----- INPUT DATA -----
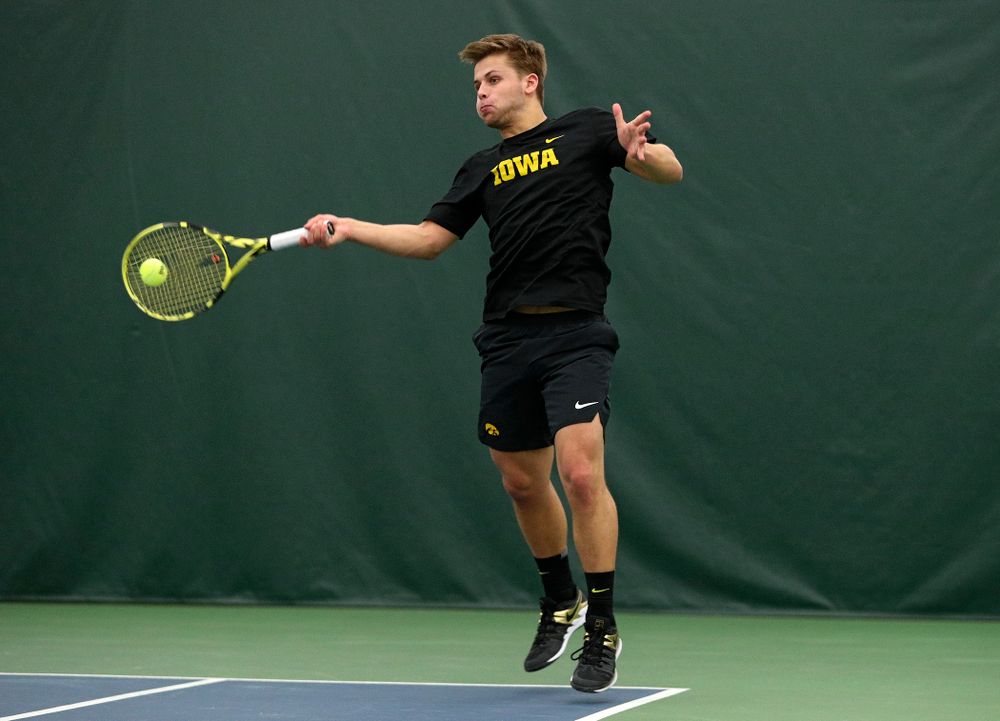 Iowa’s Will Davies returns a shot during his singles match at the Hawkeye Tennis and Recreation Complex in Iowa City on Friday, March 6, 2020. (Stephen Mally/hawkeyesports.com)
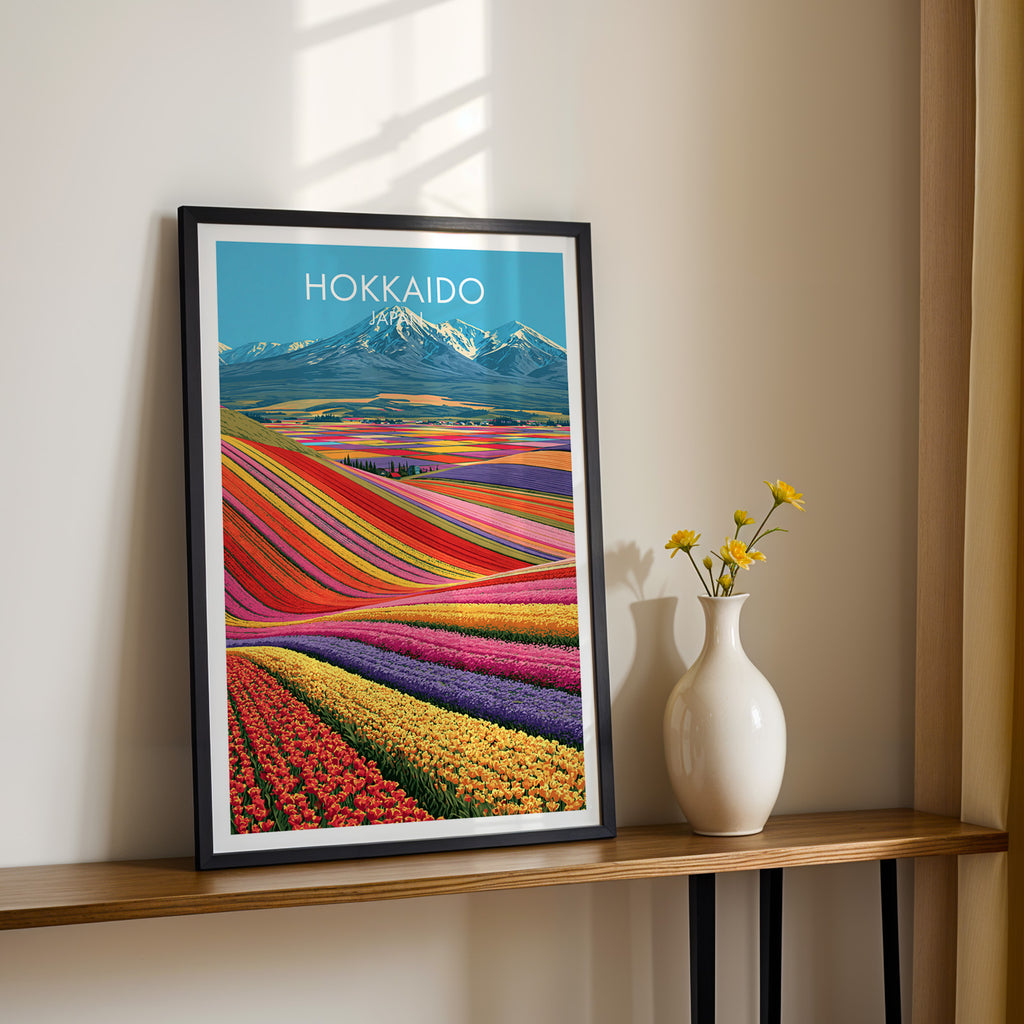 Black framed Hokkaido Japan print on a narrow hallway console in sunlight, styled with yellow flowers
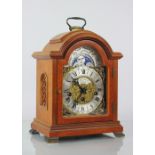 A modern walnut eight day bracket clock,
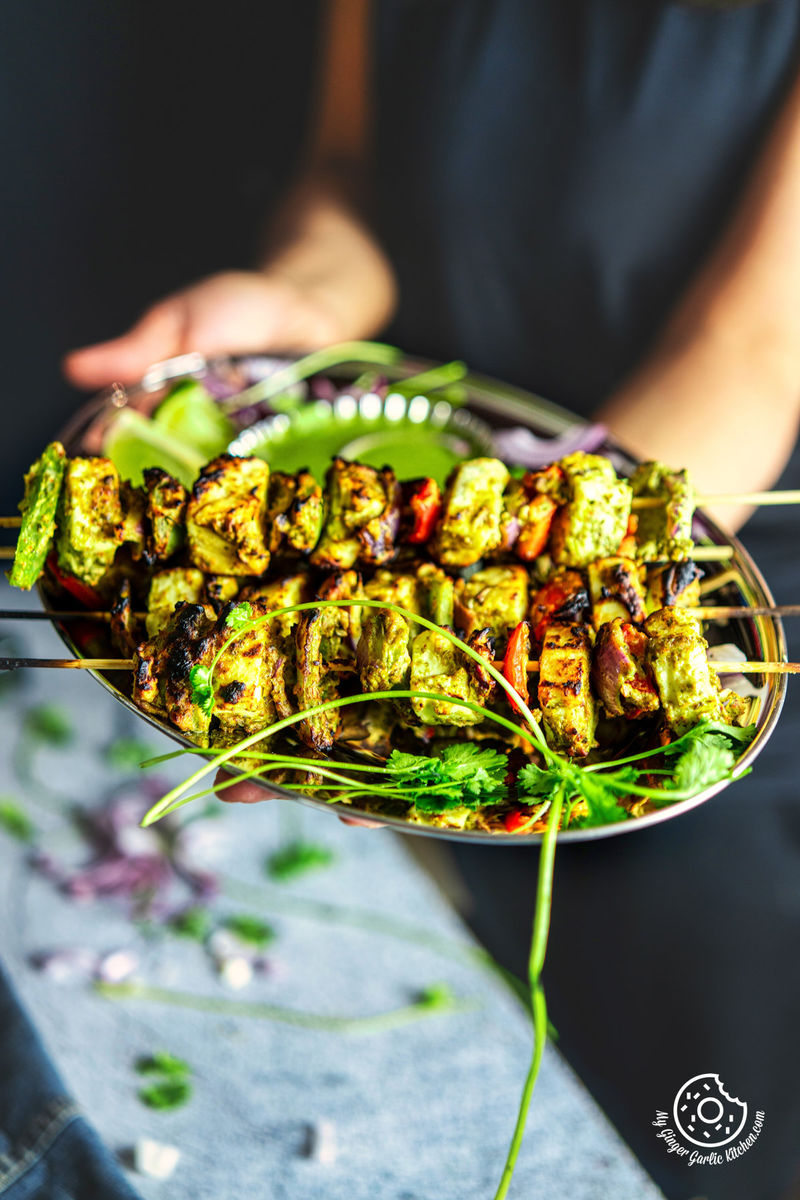 photo of a person holding a plate of Hariyali Paneer Tikka with skewers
-----
The expected output is the full material above, unaltered, with pictures removed.

 Iowa’s Will Davies returns a shot during his singles match at the Hawkeye Tennis and Recreation Complex in Iowa City on Friday, March 6, 2020. (Stephen Mally/hawkeyesports.com)
 Black framed Hokkaido Japan print on a narrow hallway console in sunlight, styled with yellow flowers
 A modern walnut eight day bracket clock,
 photo of a person holding a plate of Hariyali Paneer Tikka with skewers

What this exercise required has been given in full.